- **Source data**:
◇ ◇ ◇ ◇ ◇

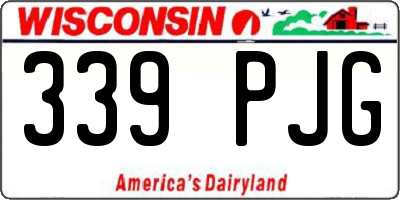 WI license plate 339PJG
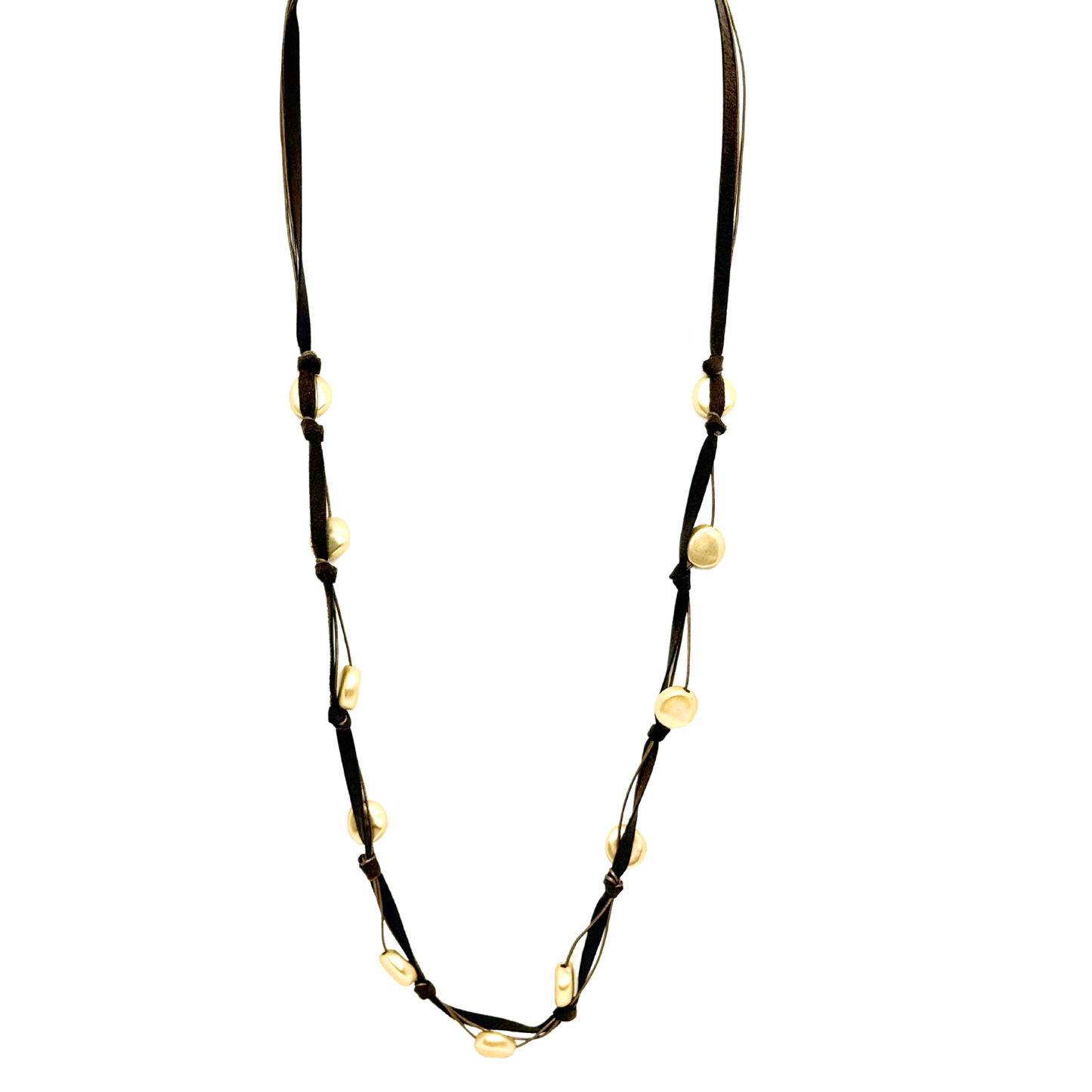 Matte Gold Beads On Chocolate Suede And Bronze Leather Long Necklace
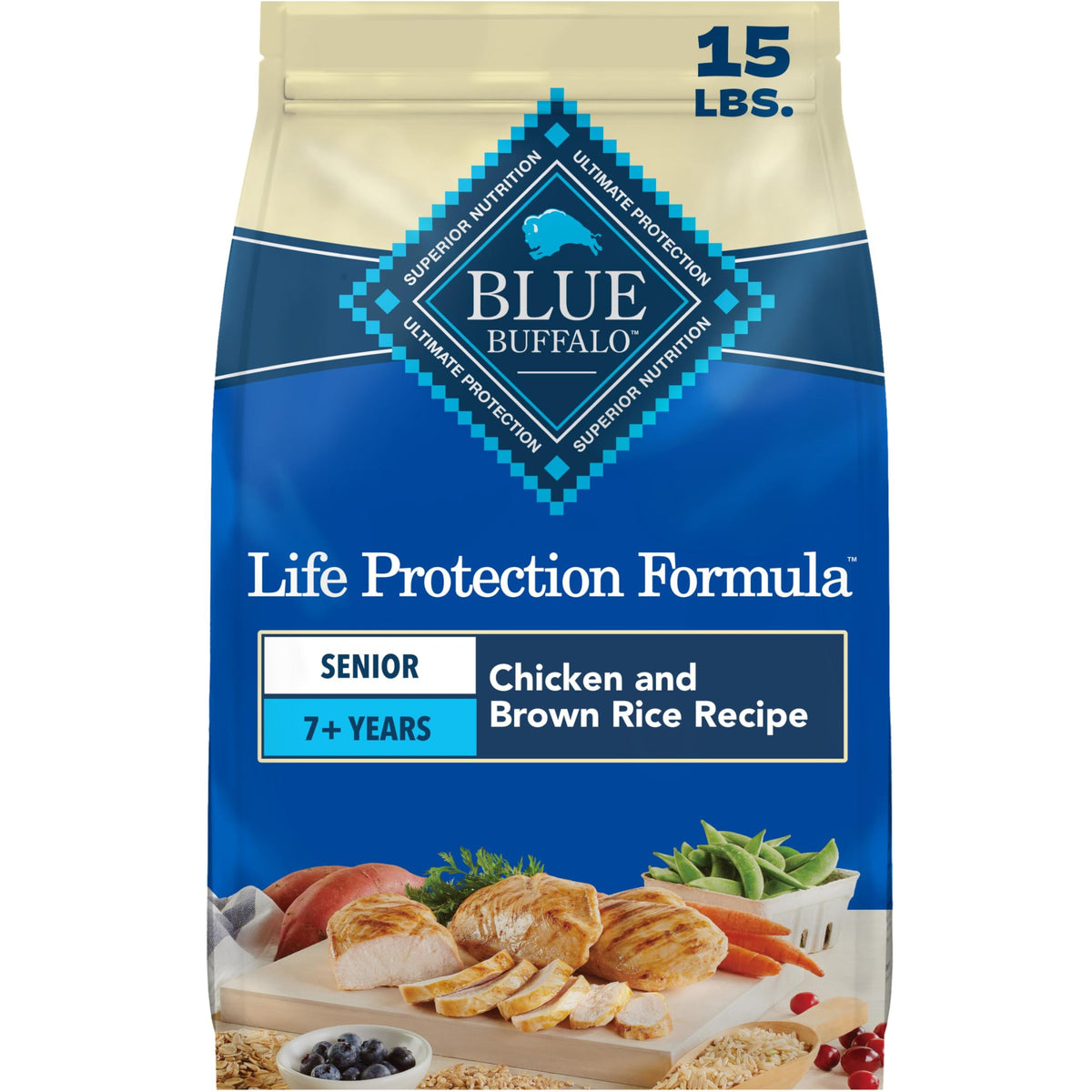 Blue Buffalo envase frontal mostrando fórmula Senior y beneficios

◇ ◇ ◇ ◇ ◇

- **Work item**: Retype exactly the lines above, starting at the line containing "Matte Gold Beads" and ending with the last line, both included; leave out the pictures.

- **Solution to this exercise**:
 Matte Gold Beads On Chocolate Suede And Bronze Leather Long Necklace
 Blue Buffalo envase frontal mostrando fórmula Senior y beneficios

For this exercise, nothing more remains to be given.